Note: When using git show, your terminal will be in reading mode, that lets you goes up and down the document with your keyboard’s arrows, you can quit this mode by hitting ‘q’.

The Git goes on

I bet that not everything is cristal clear for you at the moment and you may still have unanswered questions that have rose from what I wrote previously. But as I wrote a little more since my last committed work, let’s commit these changes:

git add en/start-git.md
    git commit -m "New chapter 'Going on'"

What’s that -m followed by a message? You may ask. That is a … message. Yup, that’s all it is, me writing for myself in order to remember what I committed. Because I have now two commits and will have several more as the project goes on, so I better start writing what I did in each commit. I can visualize my commit history in my terminal by typing:

git log

And this is what Git shows me:

    commit b6a083df24f44af9d2fa6423108ae58669245297
    Author: raaaahman <contact@devindetails.com>
    Date:   Mon Oct 15 12:35:44 2018 +0200

        New chapter 'Going on'

    commit 7aaca9131ea03d129380edc68f946e19d2c017d8
    Author: raaaahman <contact@devindetails.com>
    Date:   Sun Oct 14 14:42:28 2018 +0200

Let’s review what we have here. This is a list of commits, it is sorted by descending date order. For each commit you have several informations:

  • It’s SHA-1: this is an unique identifier for this commit, it is automatically generated.
  • The author‘s name and e-mail, so we know who committed the changes.
  • The date when the changes were committed
  • Eventually, the message that the author have written so anyone can know whats were the changes about

At the moment this is a simple blog post written by a single author and only two commits have been added. I can postpone that each commit will be about me adding more text to the post and things will be simple and linear. But in a larger project, with numerous features and several authors, you can imagine how important it is that each author should write explicit messages each time she commits some changes, so her collaborators won’t have to inspect the files to know what were the changes about.

On that matter, I couldn’t resist to present you the conventional commits initiative, which is an interesting idea to rationalize and normalize commits messages. This may seem a bit too directive when you just start to write your first commits, but you may quickly see the benefits of adopting it right of the bat (or your colleagues may appreciate you even more for it). I’ll try to give you an overview of what it is about:

Like a well organized article, conventional commit‘s messages are composed of a header, a body, and a footer. The header contains a label that indicate the type of the commit, and a short description of what this commit is about. The type is a quick way to categorize the kind of work that have been done, like adding a feature, fixing some bug or adding documentation to the existing code, while the description tell where this work have been applied and what changes it introduces.

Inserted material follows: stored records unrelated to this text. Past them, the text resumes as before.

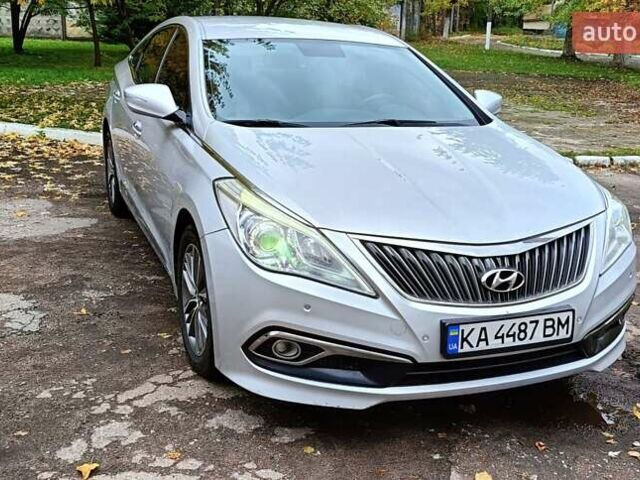 Серый Хендай Грандер, объемом двигателя 3 л и пробегом 247 тыс. км за 10700 $, фото 9 на Automoto.ua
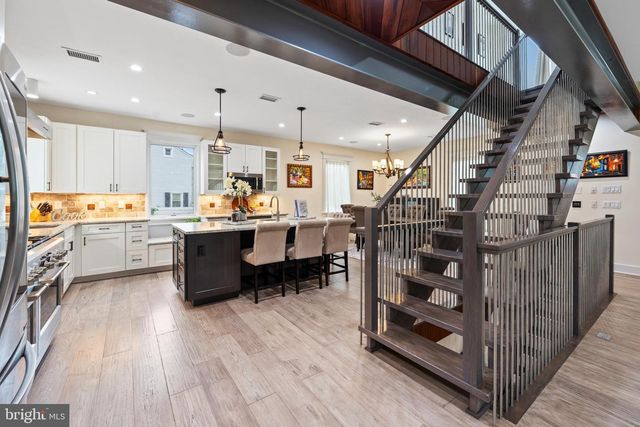 10 LAUREL AVE, Kingston, NJ 08528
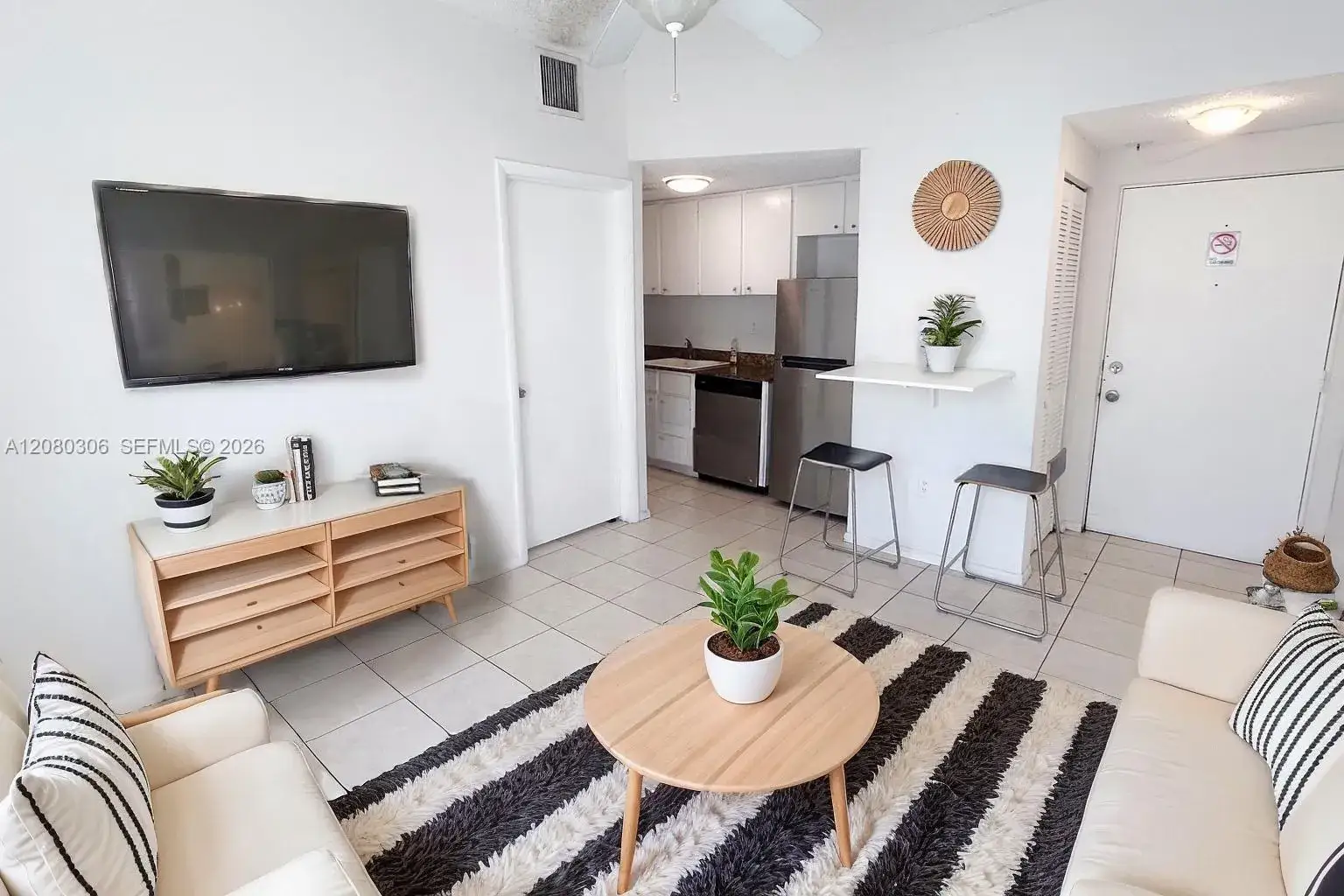 2 bedroom 2 bath Residential Lease for rent at 1218 Drexel Ave # 204, Miami Beach FL 33139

Basically, I can stop my commits messages at this stage, and most commits messages should be that short. Because Git is a smart***, and it already knows every change I’ve made to my project. But Git is gullible, and if I ask nicely, it will display me the changes. I’m gonna ask it like that:

     git show

Now Git outputted in my terminal every change I’ve made in it’s habitual fashion (that’s said, lines deleted start with a “-” and are colored in red, and lines added start with a “+” and are colored in green, it also show some unmodified lines just to give context around the modified ones). As I’ve made several grammar corrections here and there, I can’t show you the whole log, because it’s quite long, but I’ll give you an overview:

Okay, that should do for another chapter, so guess what I’ll do now? Right, I will commit it to my project.

    git add en/start-git.md
    git commit -m "Chapter 'Git goes on' finished"

Note: As an attentive reader, you have noticed that I didn’t write my commits messages using the conventional commits … conventions. Albeit I’ve adopted it in my programming projects, I feel it makes doesn’t really makes sense in the context of a blog. That’s a preference and that’s usually something that have to be discussed among a team. Feel free to read a bit more about these writing rules, they are light but I haven’t told you them all, neither have I listed all their benefits.

Getting fancy

The last command I’ve used (git show) has been able to show me the change I’ve made in my last commit. That’s a cool feature, but as I’ve shown you in a former command (git log), the project contains more than one commit, and I’ve added a new since I typed these commands. So, how can I see what I’ve committed in the previous commits?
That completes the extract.